What is the logic behind the method used to shift a graph horizontally?

Question

I understand why we add or subtract from $f(x)$ to move the graph vertically. To move it up, we move all the values up by adding whatever constant value we want.

However, when it comes to horizontal shifting, we do the opposite, why is it so? Obviously I can understand how to do so (by plotting the values or using a graphing calculator, simple!). But what is the logic behind it. What if I forget how to use the other two methods and have to literally shift instead of plotting individual values of $(x, f(x))$?

Answer 1

One way to think about it is like roots of an equation.
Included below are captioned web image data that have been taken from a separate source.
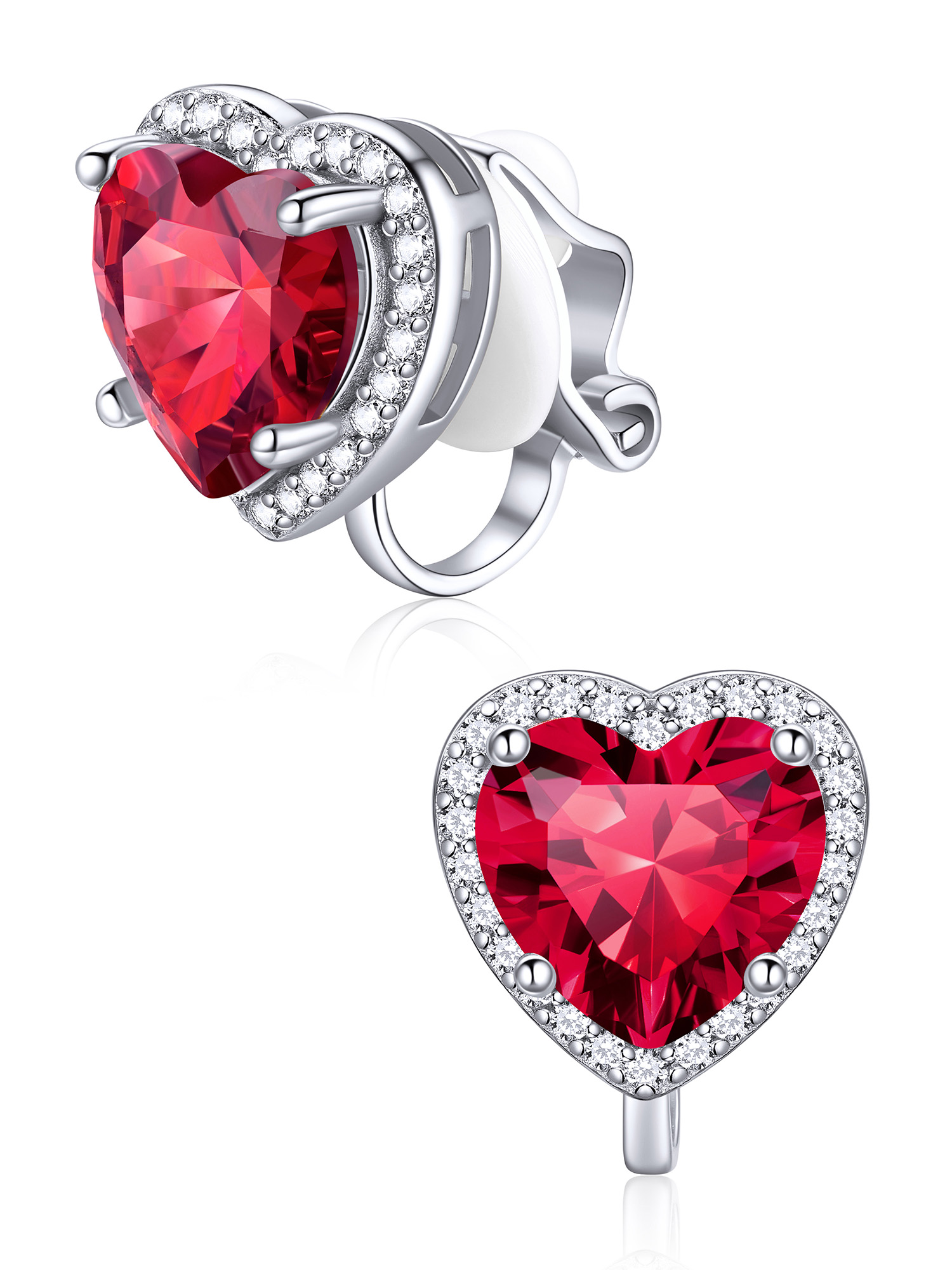 ChicSilver Clip On Earrings Women Hypoallergenic 925 Sterling Silver Birthstone Earrings for Women's Clip-on Earrings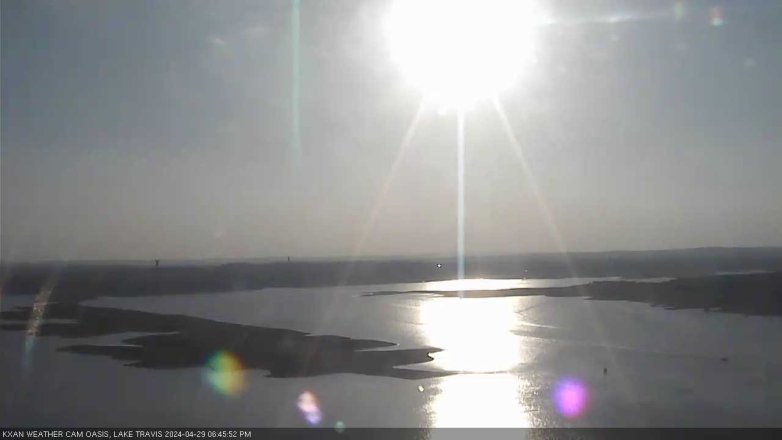 Lake Travis webcam, April 29, 2024 6:45 PM CT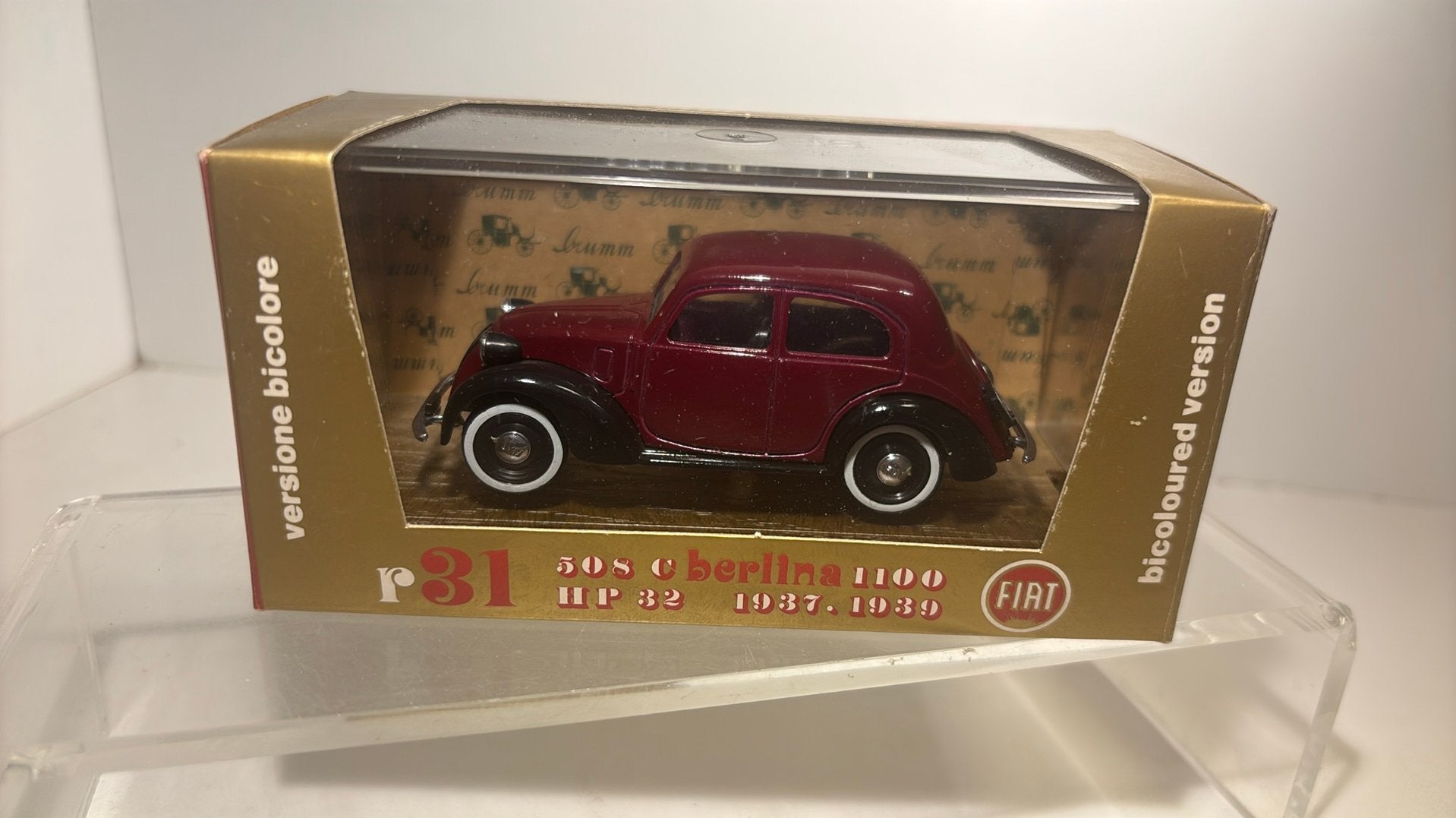 Fiat 508 c berlina 1100 brumm 1.43, Hobby en Vrije tijd, Modelauto's | 1:43, Overige merken, Auto, Ophalen of Verzenden, A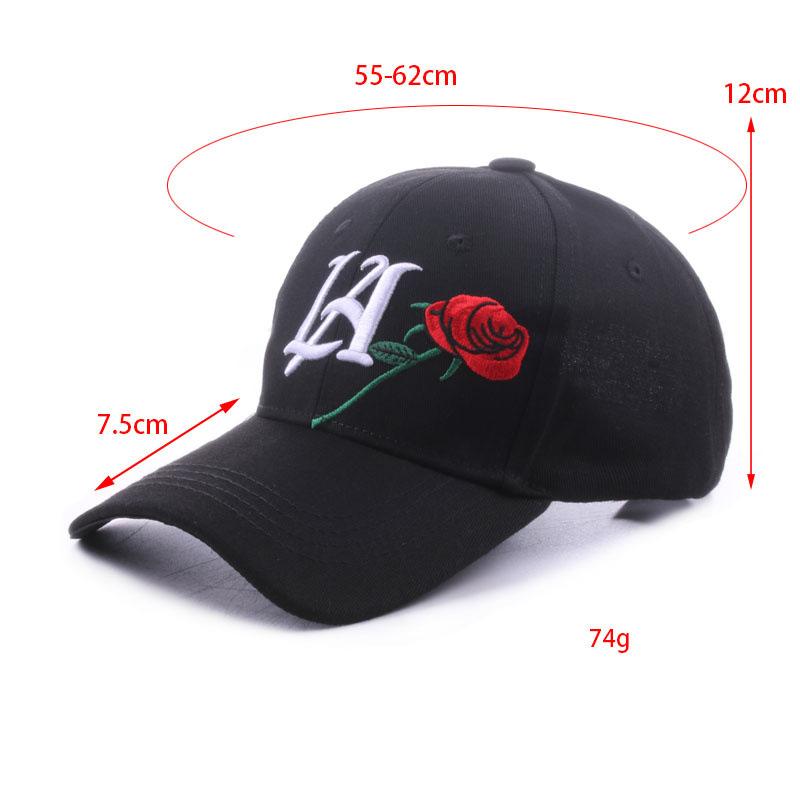Sonnenhut Lässig Verstellbar Outdoor Kappe Baseballstich Bestickte Rose La Neutrales Geschlecht Damen Herren Für Hüte Sport Mode Kappen Romantisch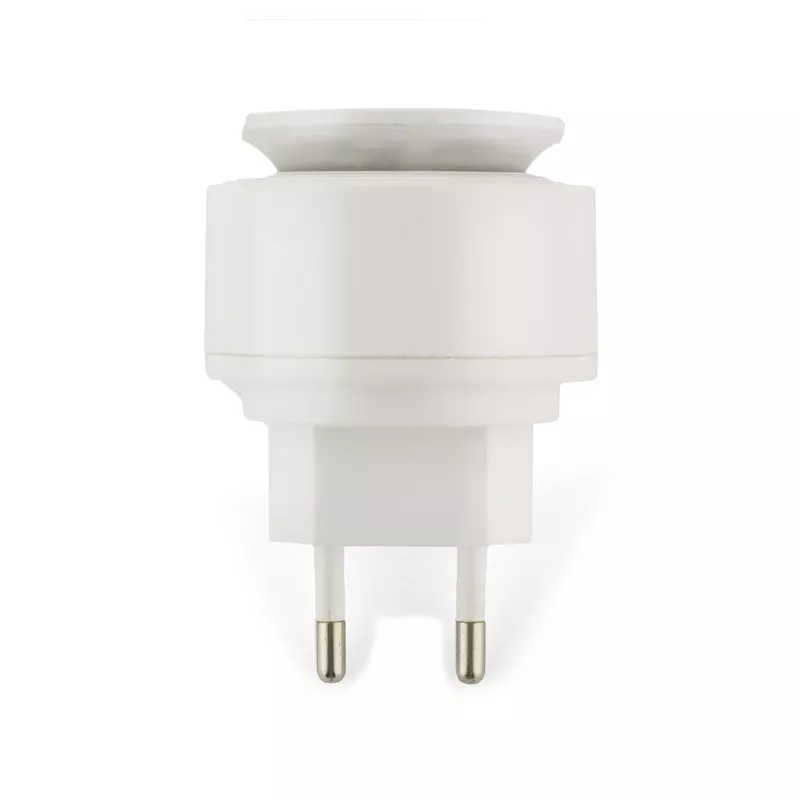 Ładowarka sieciowa USB z lampką nocną NOTTO - biały (09135-01)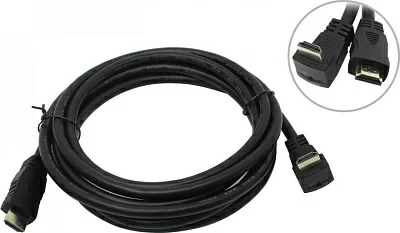 VCOM CG523-3м Кабель HDMI to HDMI (19M -19M) 3м ver2.0 Г-образный  коннектор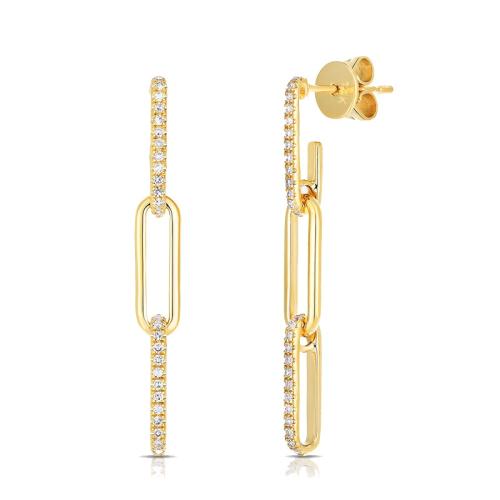Cubic Zirconia Micro Pave Brass Earring with 925 Sterling Silver & micro pave cubic zirconia & for woman Model 1: Diameter 32mm round diameter 22mm Sold By Pair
Take for example the factored quadratic $(x-3)(x-2)=0$. We know that the two roots are $x=3$ and $x=2$ if we isolate each linear term and solve each for $x$. The similarity with roots and horizontal shifts is the negative value. A positive root will be expressed as a negative in its associated linear factor, and it is the same concept for horizontal shifts. If we were to solve for the $x$-intercepts of some (shifted) function, we would be isolating linear factors and solving in the same way, thus the negative is required to shift along the positive $x$-axis.

Granted, this isn't a technical explanation, but one that might make some sense intuitively.

Answer 2

Consider $g(x) := f(x-c)$. One can easily verify that if the point $(a,b)$ is on the graph of $f$, then the point $(a+c, b)$ is on the graph of $g$, since $g(a+c) = f((a+c) - c) = f(a) = b$.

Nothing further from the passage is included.